◆ **The task**:
Using the data below, restate exactly every line from the one with "This is our" up to and including the one with "Hey everybody, Super". No picture belongs in it.

◆ **Data block**:
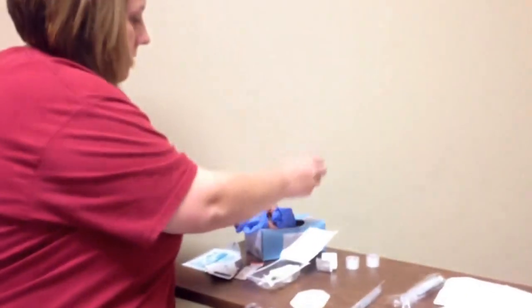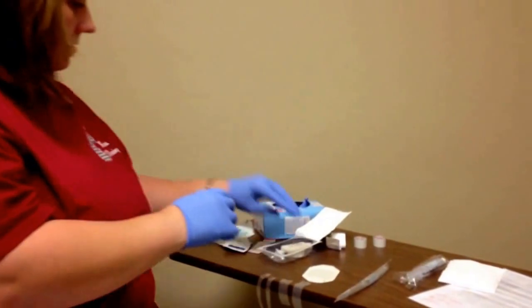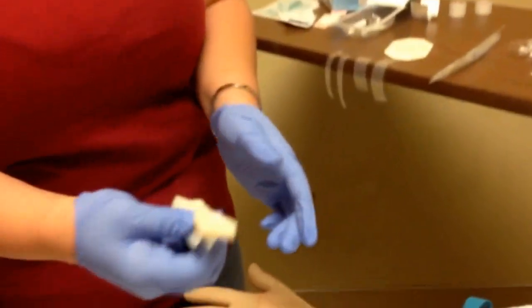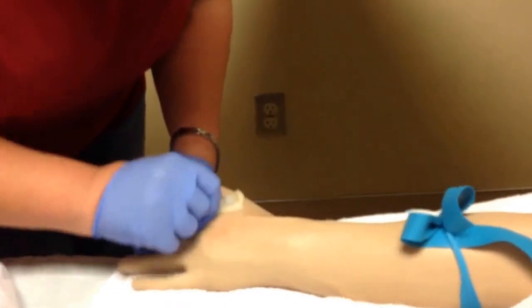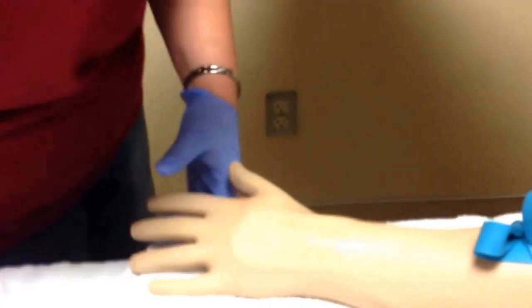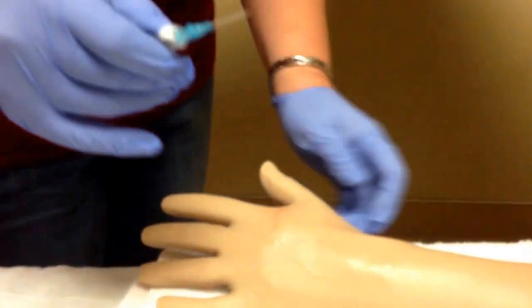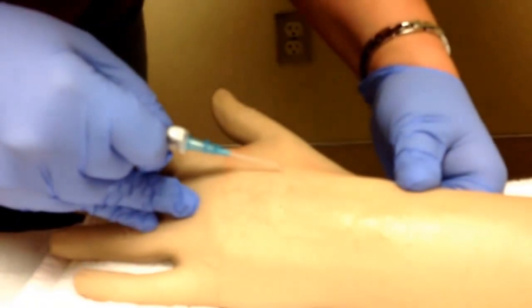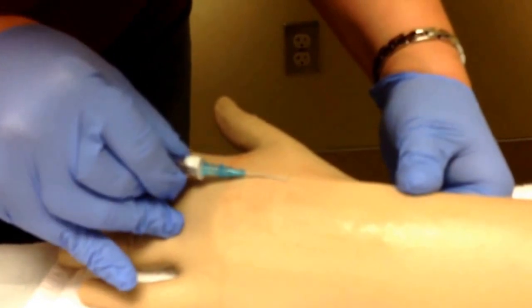All right, Mr. Dunn, I'm going to reapply the tourniquet and put my gloves on. I'm going to activate my chloraprep — just squeeze it and it will pop. With chloraprep, we go back and forth or side to side; we do not go in a circular motion. That's going to dry. I'll get my IV catheter with the bevel up. I'm going to hold a little bit of pressure on my vein and go in at an angle. Once I get into the vein, I'll get more flush with the skin so I don't go through it.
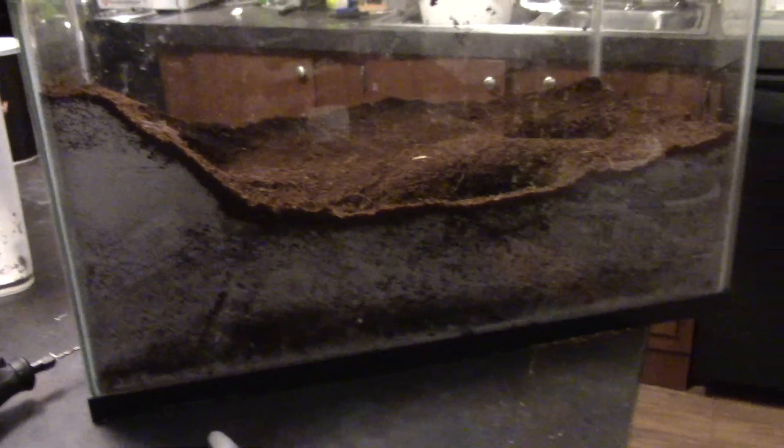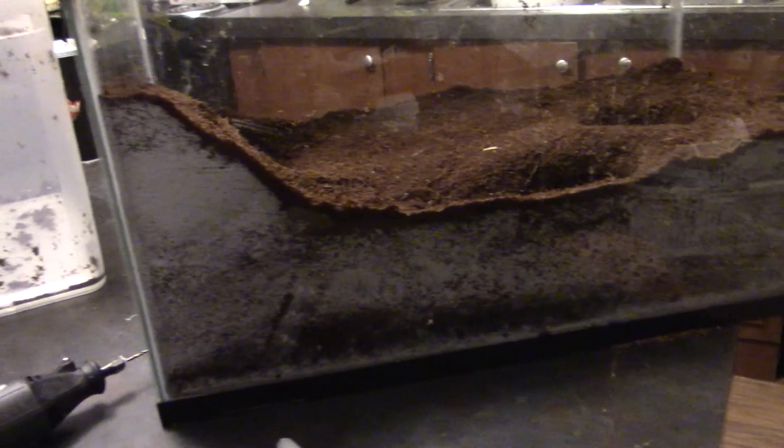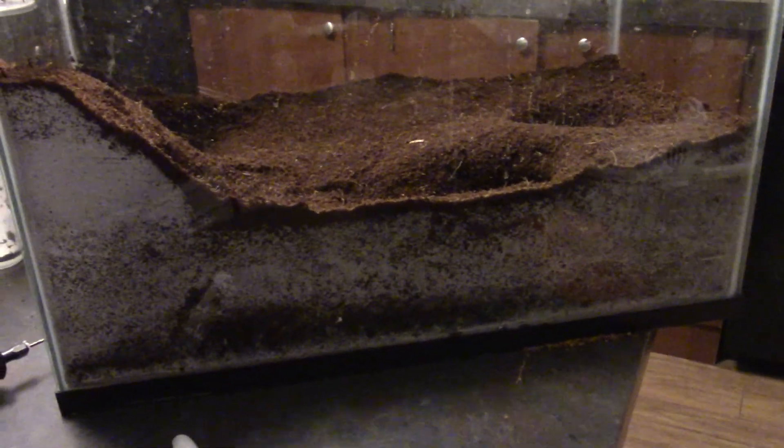This is our new setup for our tiger rump. I worked the substrate just a little bit to make holes instead of using regular hides, trying to make it look more like a natural home. It's a 10-gallon tank with about three and a half to four inches of substrate.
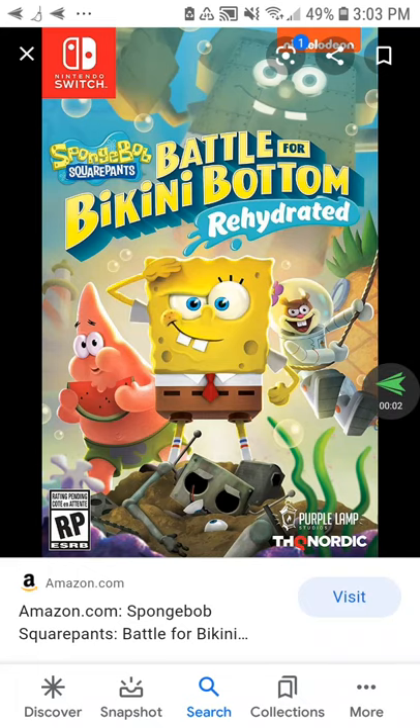Hey everybody, Super Mario Studios199 here, and I'm back here with the first one. This is my first rant. We're going to be starting the first rant on Spongebob Battle for Bikini Bottom Rehydrate.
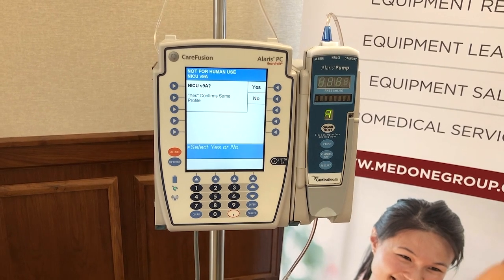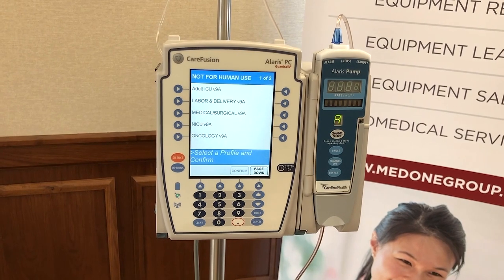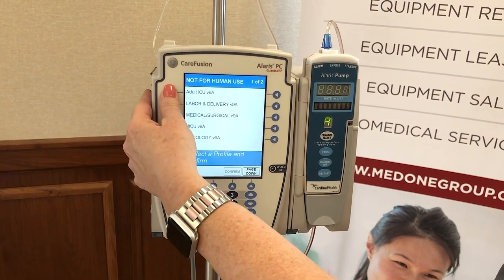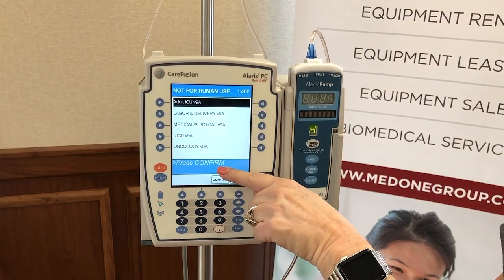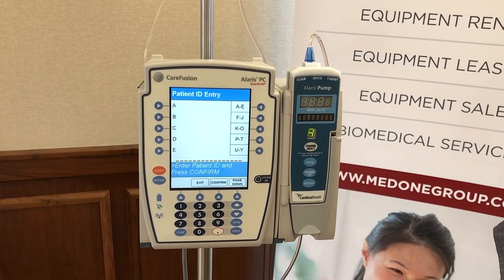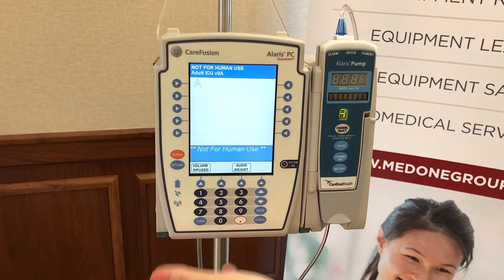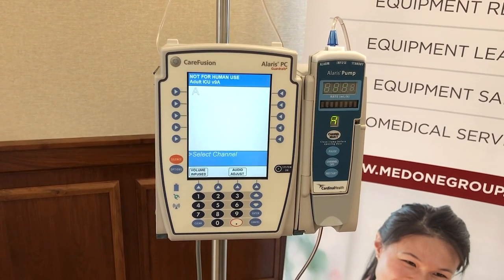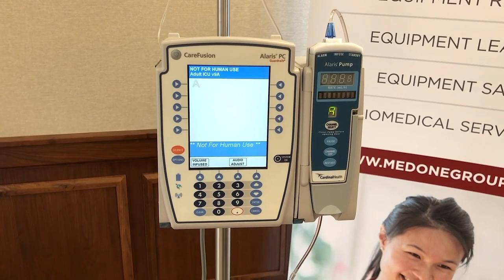We're going to say no to the one it was last used in and choose the adult ICU for this scenario. We'll go ahead and choose adult ICU, and if you'll notice the blue bar at the bottom, it will always tell you what to do next. Now we're going to press confirm. The library of drugs for ICU will come to the forefront, and we'll bypass the patient ID screen — just press enter to confirm and move past that.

◆ **Response**:
This is our new setup for our tiger rump. I worked the substrate just a little bit to make holes instead of using regular hides, trying to make it look more like a natural home. It's a 10-gallon tank with about three and a half to four inches of substrate.
Hey everybody, Super Mario Studios199 here, and I'm back here with the first one. This is my first rant. We're going to be starting the first rant on Spongebob Battle for Bikini Bottom Rehydrate.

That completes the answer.